Sanayi ve küçük ölçekli balıkçılık
Anlaşılacağı üzere, bu Avrupa yönetimi, balıkçılıkla ilgili sermayenin,
en büyük fabrika gemilerine sahip olan ve teknolojik gelişmeler
sayesinde deniz yolculuğunun karlılığını mümkün olduğunca kontrol etmeyi
ve öngörmeyi mümkün kılan balıkçılık yöntemlerini kullanan çokuluslu
şirketlere doğru yoğunlaşmasına yol açmaktadır.
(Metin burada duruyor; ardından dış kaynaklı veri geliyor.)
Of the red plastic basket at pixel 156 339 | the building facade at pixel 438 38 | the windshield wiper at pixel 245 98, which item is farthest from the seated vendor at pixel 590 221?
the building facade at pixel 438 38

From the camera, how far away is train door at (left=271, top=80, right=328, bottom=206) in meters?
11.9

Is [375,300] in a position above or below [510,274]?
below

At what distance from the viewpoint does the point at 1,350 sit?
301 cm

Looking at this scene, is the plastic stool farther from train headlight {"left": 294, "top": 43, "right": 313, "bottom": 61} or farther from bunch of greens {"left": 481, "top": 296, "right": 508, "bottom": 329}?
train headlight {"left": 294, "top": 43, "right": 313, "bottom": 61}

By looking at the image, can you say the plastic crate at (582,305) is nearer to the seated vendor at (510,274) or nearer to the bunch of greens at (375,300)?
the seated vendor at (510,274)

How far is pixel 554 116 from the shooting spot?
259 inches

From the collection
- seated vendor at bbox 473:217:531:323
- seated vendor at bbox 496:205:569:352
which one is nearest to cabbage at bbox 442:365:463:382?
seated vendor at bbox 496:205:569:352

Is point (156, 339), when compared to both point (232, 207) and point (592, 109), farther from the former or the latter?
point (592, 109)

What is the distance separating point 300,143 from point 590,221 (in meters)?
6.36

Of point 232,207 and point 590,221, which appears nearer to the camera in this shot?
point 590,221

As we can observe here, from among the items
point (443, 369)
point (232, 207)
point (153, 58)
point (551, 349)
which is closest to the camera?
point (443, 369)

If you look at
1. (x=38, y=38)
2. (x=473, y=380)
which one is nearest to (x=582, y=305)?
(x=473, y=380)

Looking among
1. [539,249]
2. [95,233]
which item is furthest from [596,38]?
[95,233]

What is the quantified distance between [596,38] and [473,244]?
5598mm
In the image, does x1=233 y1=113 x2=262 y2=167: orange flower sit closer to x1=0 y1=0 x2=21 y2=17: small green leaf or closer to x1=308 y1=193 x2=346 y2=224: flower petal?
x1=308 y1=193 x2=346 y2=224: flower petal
O zamana kadar
balıkçılık, kârlılığı büyük ölçüde kontrol edilemeyen faktörlere (balık
yakalanıp yakalanmaması) bağlı olan tek mesleki faaliyetlerden biriydi.
Bir bakıma tek endüstriyel "hasat" faaliyeti... En üst sıralarda, sadece
ikisini saymak gerekirse, iki Hollandalı çokuluslu şirket buluyoruz:
Diğer şeylerin yanı sıra, Birleşik Krallık, Fransa, Almanya, İrlanda ve
deniz kaynaklarının işletilebildiği gezegenin hemen her yerinde trol
tekneleri işletmek için Avrupa'da (ve dünyada) hisseleri ve yan
kuruluşları bulunan Parlevliet & van der Plas
Covid krizinin sonunda manşetlere çıkan dev trol gemisi Scombrus'un
sahibi olan France Pélagique nakliye şirketini satın alan ve diğer
İspanyol ve Hollanda nakliye şirketlerinde hissesi bulunan Cornelis Vrolijk.
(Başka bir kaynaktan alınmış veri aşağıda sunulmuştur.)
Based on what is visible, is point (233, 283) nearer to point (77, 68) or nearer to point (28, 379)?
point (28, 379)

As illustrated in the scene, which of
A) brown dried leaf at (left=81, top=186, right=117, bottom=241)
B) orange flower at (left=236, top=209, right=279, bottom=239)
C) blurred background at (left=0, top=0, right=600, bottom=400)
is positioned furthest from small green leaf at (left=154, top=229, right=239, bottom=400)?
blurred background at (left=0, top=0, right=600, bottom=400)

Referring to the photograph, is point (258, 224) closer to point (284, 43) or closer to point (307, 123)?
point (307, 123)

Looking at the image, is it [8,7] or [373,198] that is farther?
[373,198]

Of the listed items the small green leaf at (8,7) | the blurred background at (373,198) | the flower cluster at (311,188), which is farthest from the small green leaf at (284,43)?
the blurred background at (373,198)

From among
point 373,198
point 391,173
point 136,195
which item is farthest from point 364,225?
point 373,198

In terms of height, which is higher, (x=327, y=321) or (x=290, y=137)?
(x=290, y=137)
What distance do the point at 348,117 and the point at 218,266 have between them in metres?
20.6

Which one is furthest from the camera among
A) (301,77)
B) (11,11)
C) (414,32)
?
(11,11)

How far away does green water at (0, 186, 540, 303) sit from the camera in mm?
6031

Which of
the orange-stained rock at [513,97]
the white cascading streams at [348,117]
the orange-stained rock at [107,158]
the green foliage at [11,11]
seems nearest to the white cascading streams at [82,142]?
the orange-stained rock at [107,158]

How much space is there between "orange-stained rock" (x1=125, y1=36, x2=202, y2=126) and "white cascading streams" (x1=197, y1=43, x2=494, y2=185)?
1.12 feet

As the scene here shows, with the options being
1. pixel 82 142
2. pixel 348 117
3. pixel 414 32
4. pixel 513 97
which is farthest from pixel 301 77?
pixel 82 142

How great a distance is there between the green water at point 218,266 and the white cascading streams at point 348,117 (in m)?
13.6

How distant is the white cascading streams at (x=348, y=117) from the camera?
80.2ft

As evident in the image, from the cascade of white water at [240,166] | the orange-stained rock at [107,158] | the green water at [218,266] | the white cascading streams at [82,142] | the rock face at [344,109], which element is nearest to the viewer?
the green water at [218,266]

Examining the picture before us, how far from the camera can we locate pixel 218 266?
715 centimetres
Aynı grup içerisinde şirketlerin yoğunlaşmasının yarattığı sorun iki
yönlüdür. Bir yandan da kotaların büyük bir bölümünün tüm Avrupa deniz
cephelerinde yerleşik bir avuç Avrupalı sanayicinin elinde
yoğunlaşmasına neden oluyor. Öte yandan bu sanayiciler, tarım
endüstrisini (çoğunlukla su ürünleri yetiştiriciliği) beslemek için
balık unu üretmek amacıyla, esas olarak "yem balıklarını" (uskumru,
ringa, çaça vb.) hedef alan dev pelajik trol tekneleri işletmektedirler;
insan gıda pazarına yönelik bir ürün arz etmemektedirler. Ayrıca bu
pelajik balıklar besin zincirinin en altında yer alırlar ve kıyı
balıkçılığı ile avlanan birçok kıyı balığının, kuşların ve deniz
memelilerinin beslenmesinin de temelini oluştururlar. Aşırı
sömürülmeleri aslında ekosistemlerde ve trofik zincirde değişimlere yol
açıyor. (1)
Küçük ölçekli balıkçılık folklorik bir statüye indirgendi...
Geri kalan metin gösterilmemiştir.